Lower Suction amp was observed when the axial pressure difference was adverse (∆p > 0, thus p out > p in). Suction amp was also reduced by a favourable axial pressure difference (favourable: ∆p < 0, thus p out < p in). Specifically, under adverse (p in, p out = 3, 7 cmH2O) and favourable (p in, p out = 7, 3 cmH2O) axial pressure differences, Suction amp dropped to 0.55× and 0.34× of its value at zero axial pressure difference (∆p = 0, p out = p in = 5 cmH2O), respectively. Note that in the presence of a favourable axial pressure difference, Suction amp is more properly defined as the difference between end-diastolic pressure and minimum intralymphatic pressure. Similar reductions occurred with R capillary deployed upstream under adverse and favourable axial pressure differences (Suction amp decreased 0.54× and 0.34×, respectively, relative to ∆p = 0; Fig. 6D,E). Here again, adding the upstream resistance amplified Suction amp under all axial pressure differences (Fig. 6F). Note that different pressure boundary conditions alter the valve behaviours. The valve directions of course remain the same while the pressures are adjusted.
Negative transmural pressure differences and vessel tethering
Lowering the transmural pressure difference gradually reduced D amp, until the vessel collapsed under a negative Δp tm = −0.5 cmH2O (p in = p out = 0, p e = 0.5) (Fig. 7A, left) and contractions stopped. Gelation of collagen in the fluid bath surrounding the same vessel to simulate in vivo external tethering slightly lowered D max (3−5 μm decrease) under Δp tm = 2.5 and 0.5 cmH2O, but afterwards the vessel achieved substantially larger diastolic diameters when transmural pressure dropped to 0 and −0.5 cmH2O. Additionally, the presence of collagen reduced D amp by 40% at Δp tm = 2.5 but contractions were stronger (relative to no collagen) at Δp tm = 0.5 cmH2O. D amp at Δp tm = 0 almost doubled after the vessel was tethered in collagen. Most importantly, external tethering with collagen enabled the vessel to contract under a negative transmural pressure (Δp tm = −0.5 cmH2O), though at this negative transmural pressure, the frequency of contractions in collagen was lower than that observed during positive transmural pressure (Fig. 7B). In these experiments, under conditions where p in = p e or lower, during suction lymphangion pressure falls below both p in and p e.

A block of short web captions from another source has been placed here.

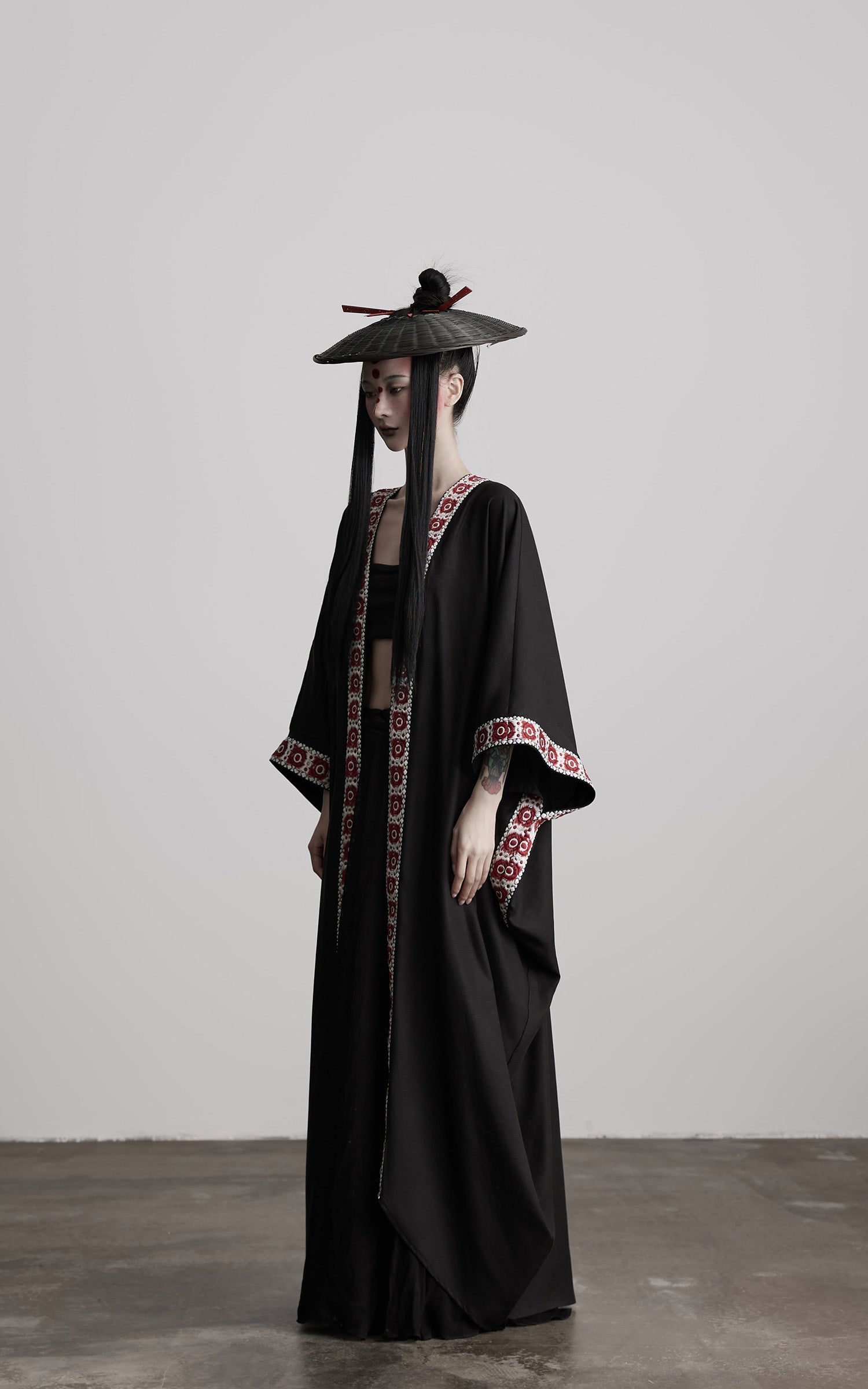 DOINDULGE Embroidered Long Kimono Coat with Flowing Silhouette and Contrast Details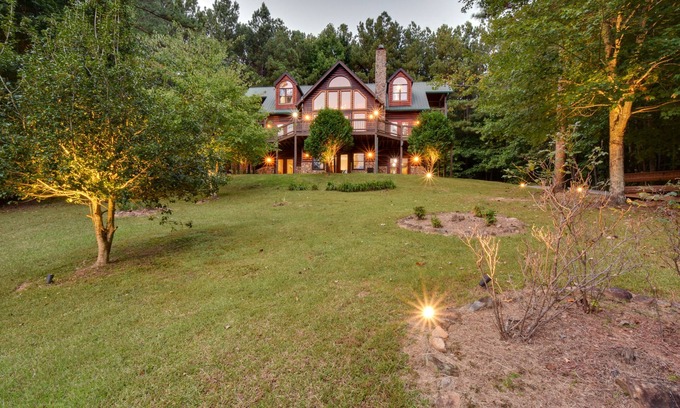 Ellijay Cabina | Grand Ellijay Cabina w / vistas a la montaña + mesa de billar!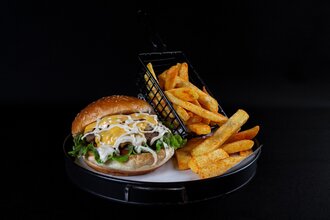 Truffle Burger & Patates Kızartması görseli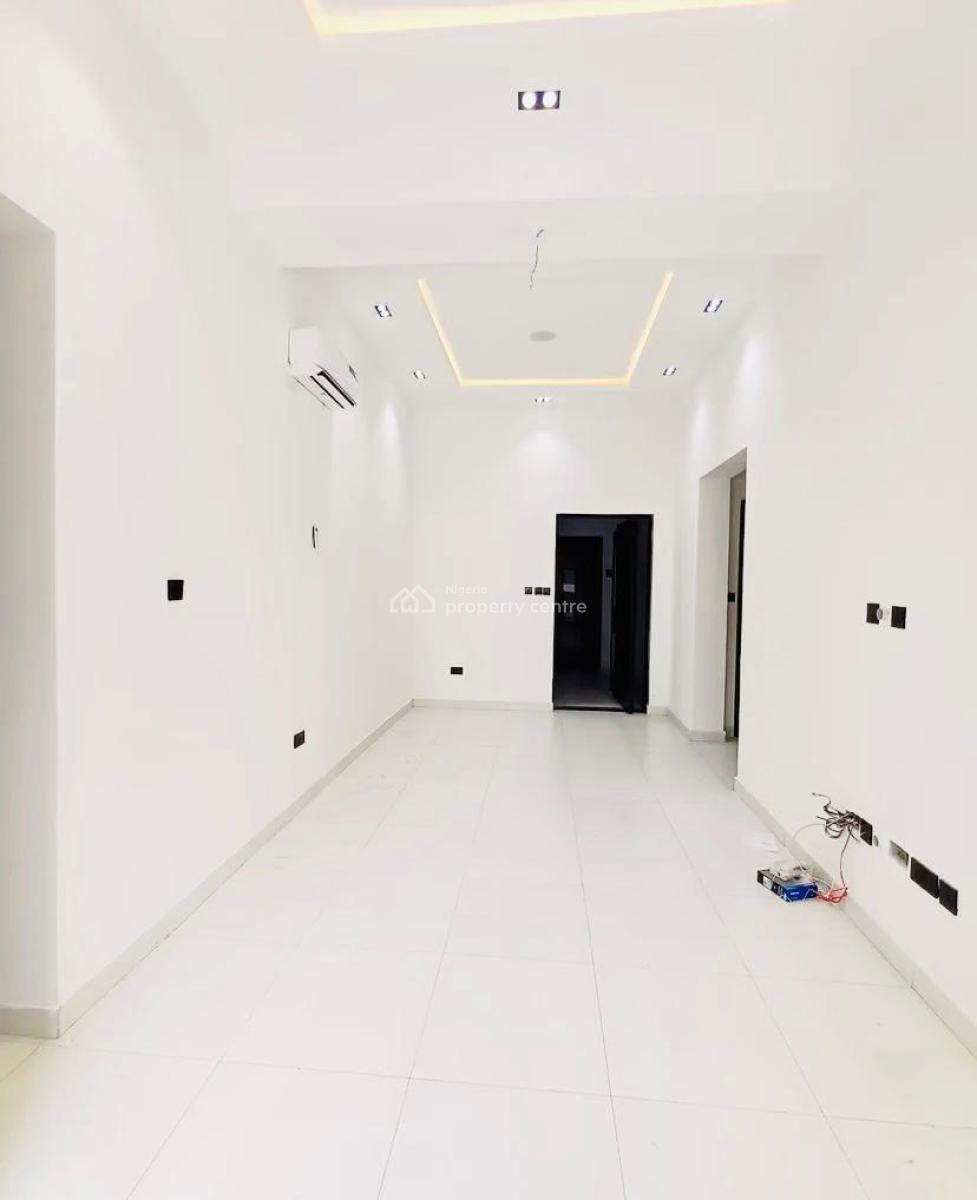 Luxury 2bedroom Apartment with a Bq Swimming Pool and Gym, Lekki Phase 1, Lekki, Lagos, Flat / Apartment for Rent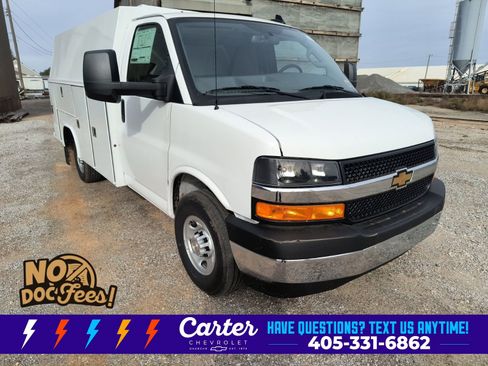 New 2025 Chevrolet Express 3500 w/ Power Convenience Package RWD image 5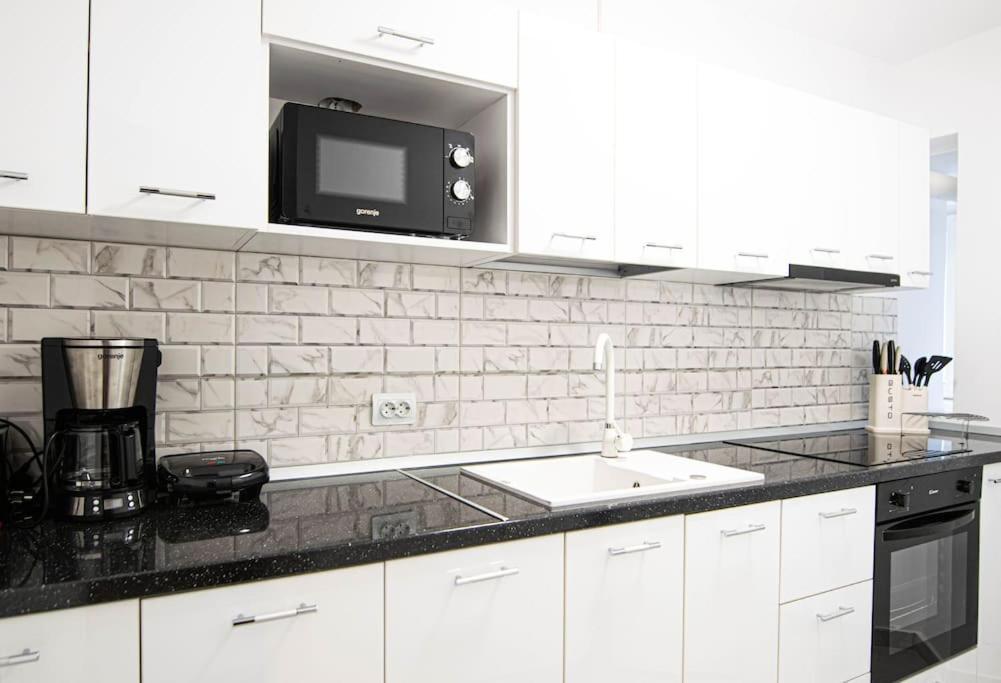 Ultra Central Luxury 3Br 2Bath Apt & Amazing Views Bukarest Exterior foto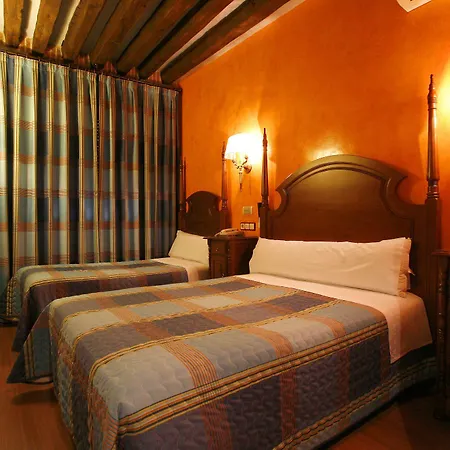 Hostal Victoria I-2
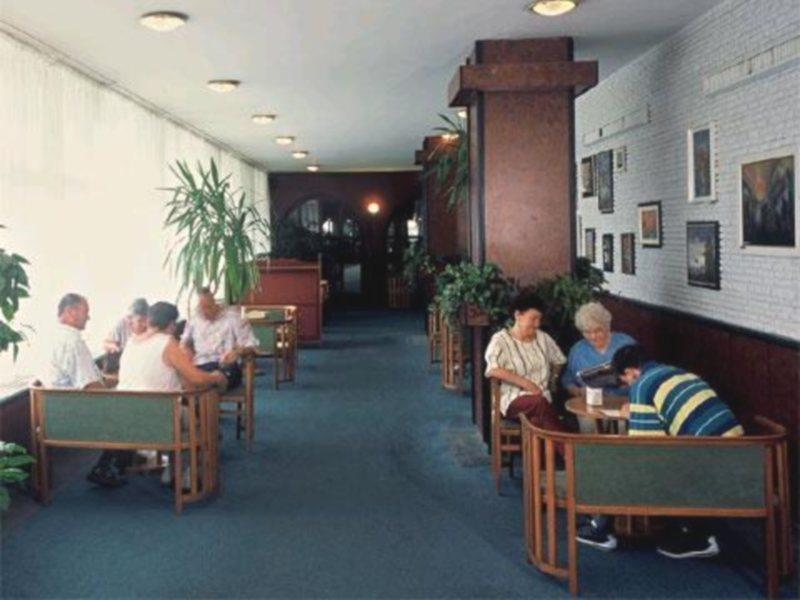 Hotel Nagyerdo Дебрецен Екстериор снимка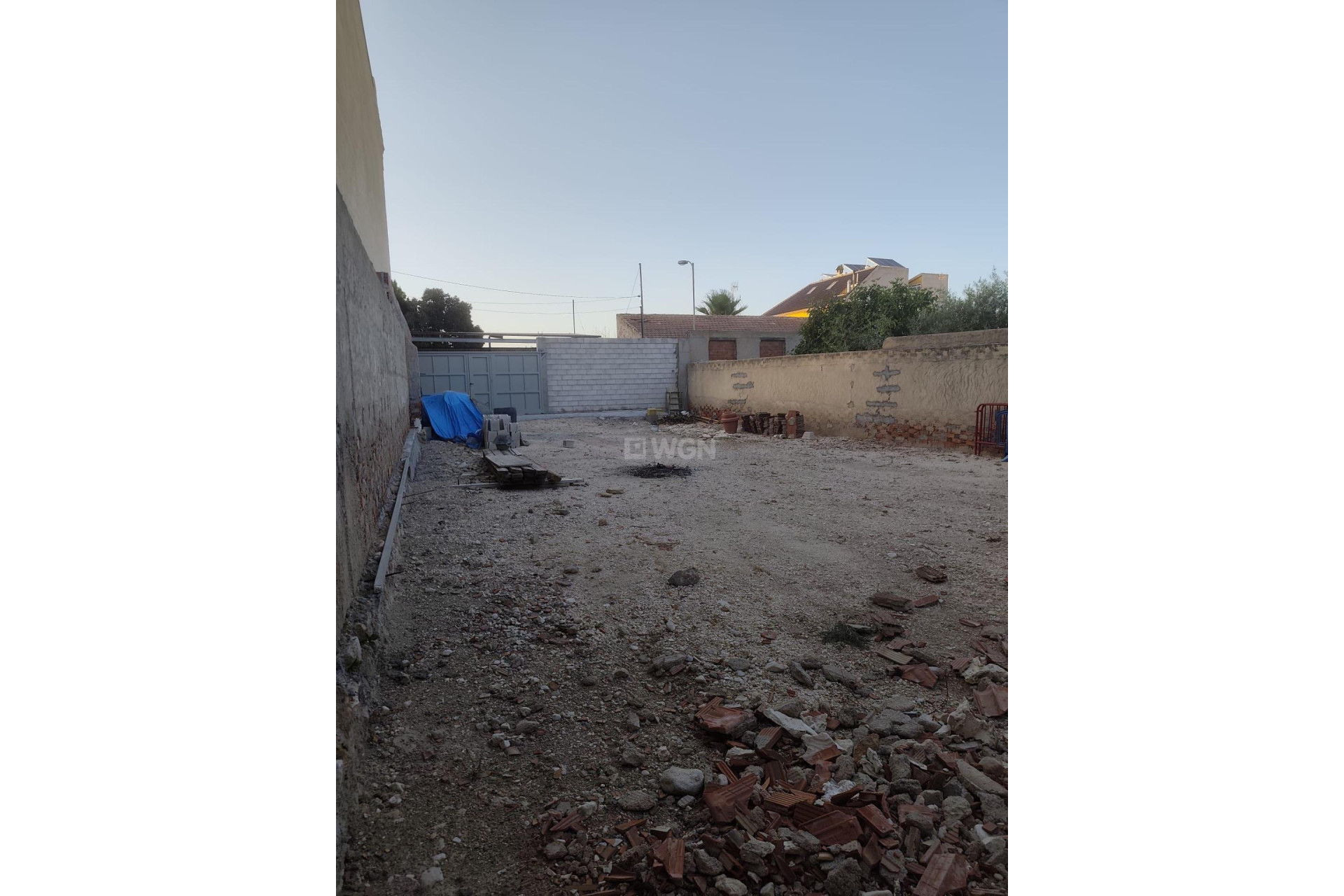 Wiederverkauf - Grundstück / Grundstück - Benferri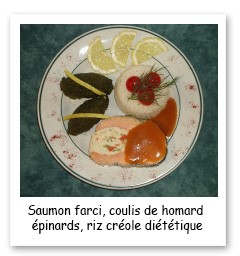 Assiette constituée d'un saumon farci, de coulis de homards aux épinards et d'un riz créole diététique 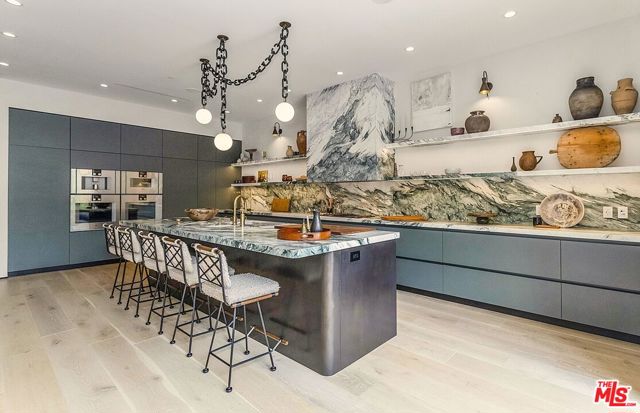 Drew Fenton | 324 S Medio Drive Los Angeles CA | MLS: 7084103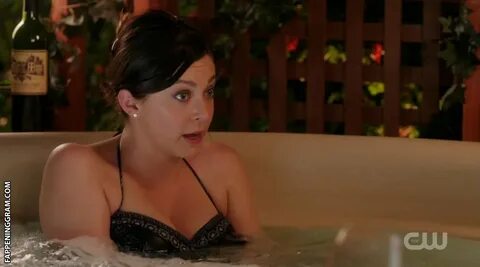 Rachel Bloom Nude The Fappening - Page 2 - FappeningGram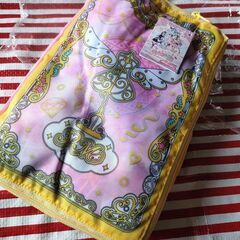 わっちゃプリマジ　ポーチ入りブランケット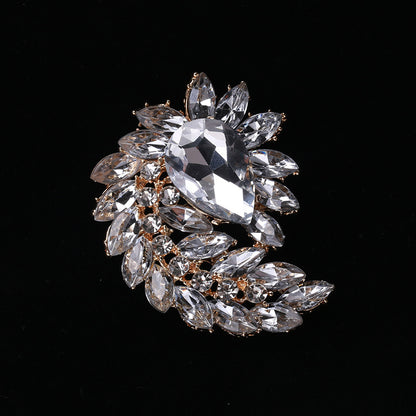 Creative Alloy Cat Brooch Crystal Glass Pin Fashion Accessory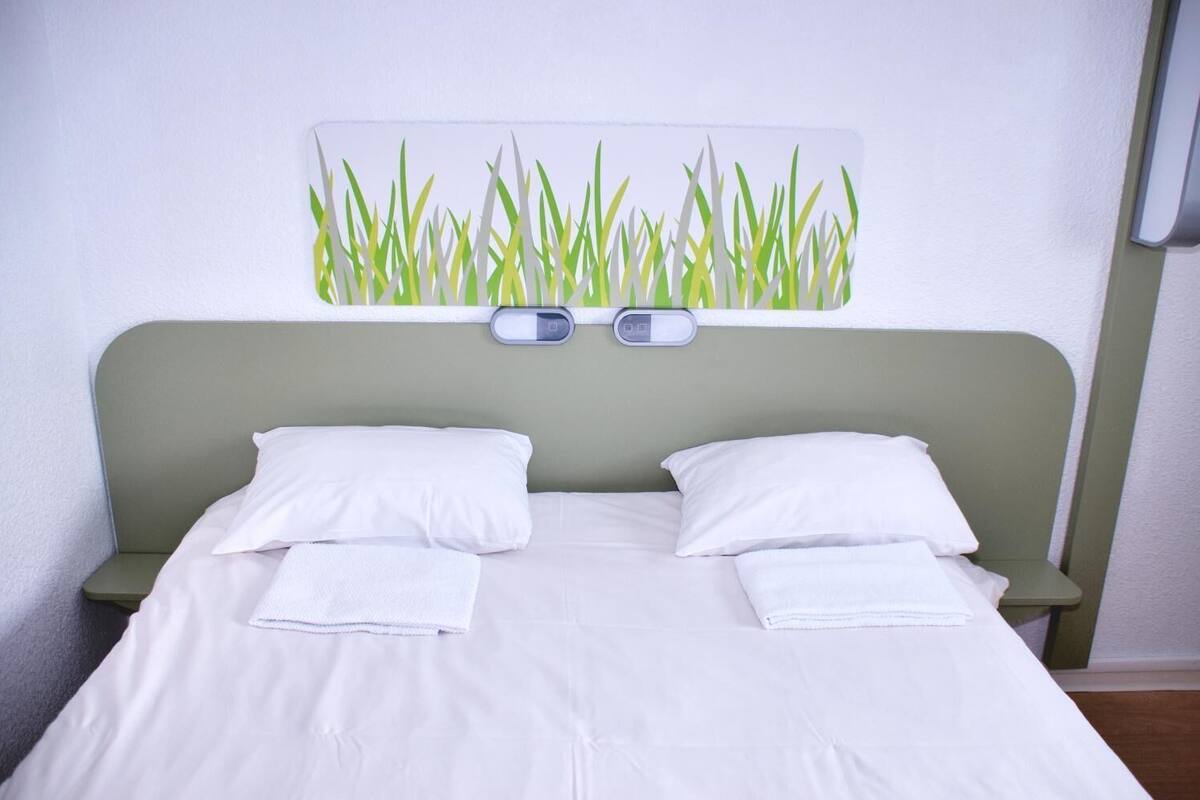 Desk, free WiFi, bed sheets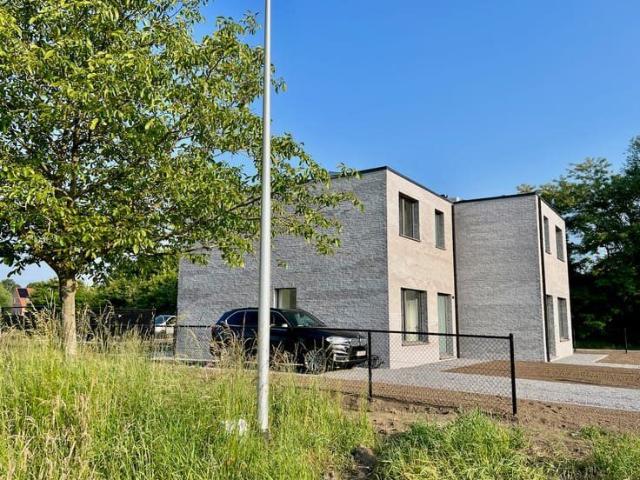 halfopen nieuwbouw 3 slaapkamers, rustige omgeving, EPC A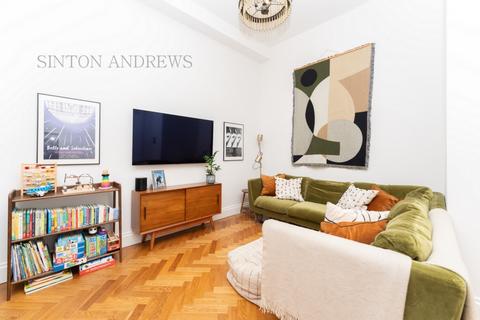 23 Drayton Grove, London, W13 0LA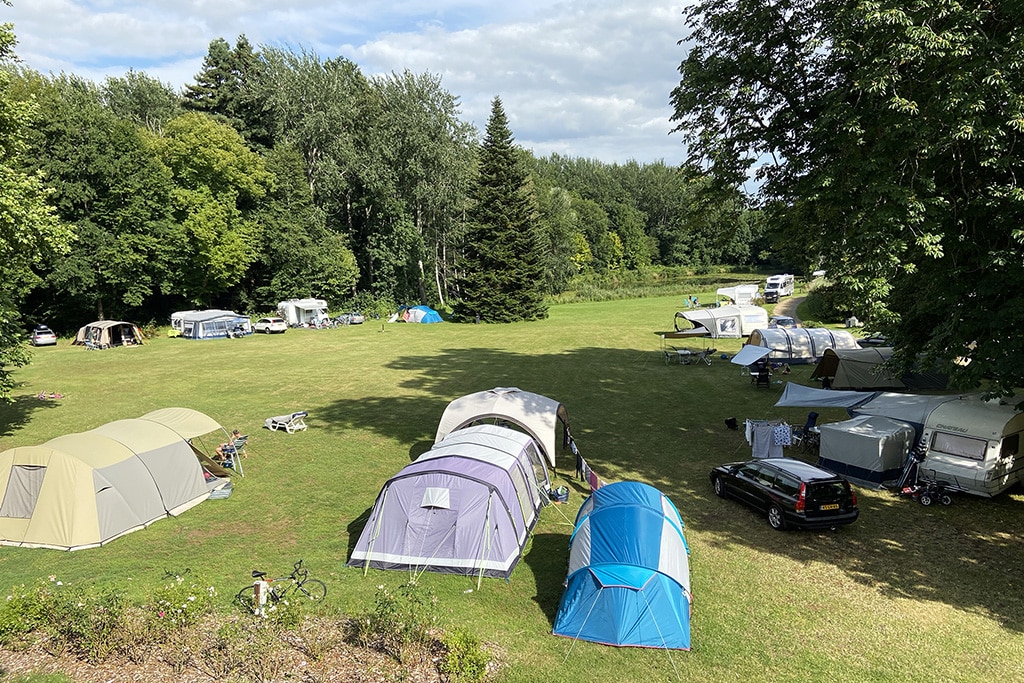 Camping 5 étoiles Château de Chanteloup : vue de haut sur les emplacements de ka zone Lac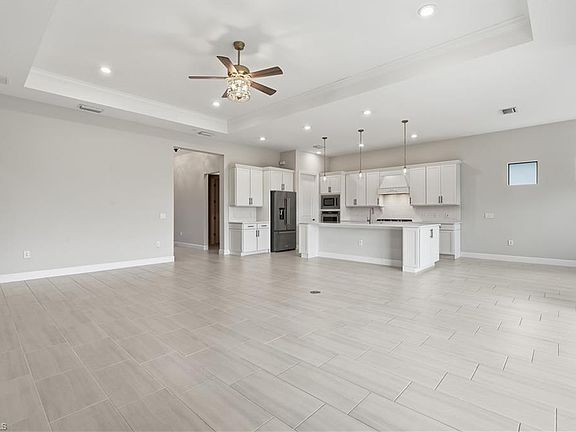3rd image of 1848 Terreno BLVD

The publications by Guyton and others, although transformative in their time, only speculated about the role of the lymphatic system in removing fluid from tissue beds at subatmospheric pressures. No data were provided in any of those publications to support the speculation or prove Guyton’s suction hypothesis. Since that time there has been support for the concept that the extrinsic pumping mechanisms of lymphatics associated with the respiratory system can indeed generate suction along the lymphatics6,14 However, these studies were conducted in the unique extrinsic lymph pump in the respiratory system and were made in reference to generating the “negative pressure gradients” needed to fill the initial lymphatics.
While Guyton and others speculated on potential mechanisms related to the lymphatic system, none of those studies considered the potential importance of the collecting lymphatics in generating suction. Collecting lymphatics are structurally and functionally very different from initial lymphatics. Initial lymphatics have no internal valves and do not actively contract. Notably, initial lymphatics are tethered on their abluminal surfaces to adjacent tissues9, creating openings between initial lymphatic endothelial cells when interstitial pressure rises (“primary valves”), which facilitate lymph formation. Our results are focused on the collecting lymphatics that actually perform the intrinsic pumping function. To the degree that such work can be characterised by a hypothesis, it would be that collecting vessel relaxation after contraction is the key mechanism that allows lymphatics to pull fluid from tissues at subatmospheric pressure, and that positive transmural pressure or external tethering is required. Collecting lymphatics are certainly also tethered to the external tissue in some way (likely through integrin binding to surrounding matrix), but not in the same way as initial lymphatics. The novelty of our results is that they demonstrate the importance of positive transmural pressure or external tethering on generation of suction by collecting lymphatics and how this extracts fluid from upstream segments. This can be viewed as a passive effect, in that it does not depend directly on any active contraction of the lymphangion in which the suction occurs (although active contraction must have occurred just prior).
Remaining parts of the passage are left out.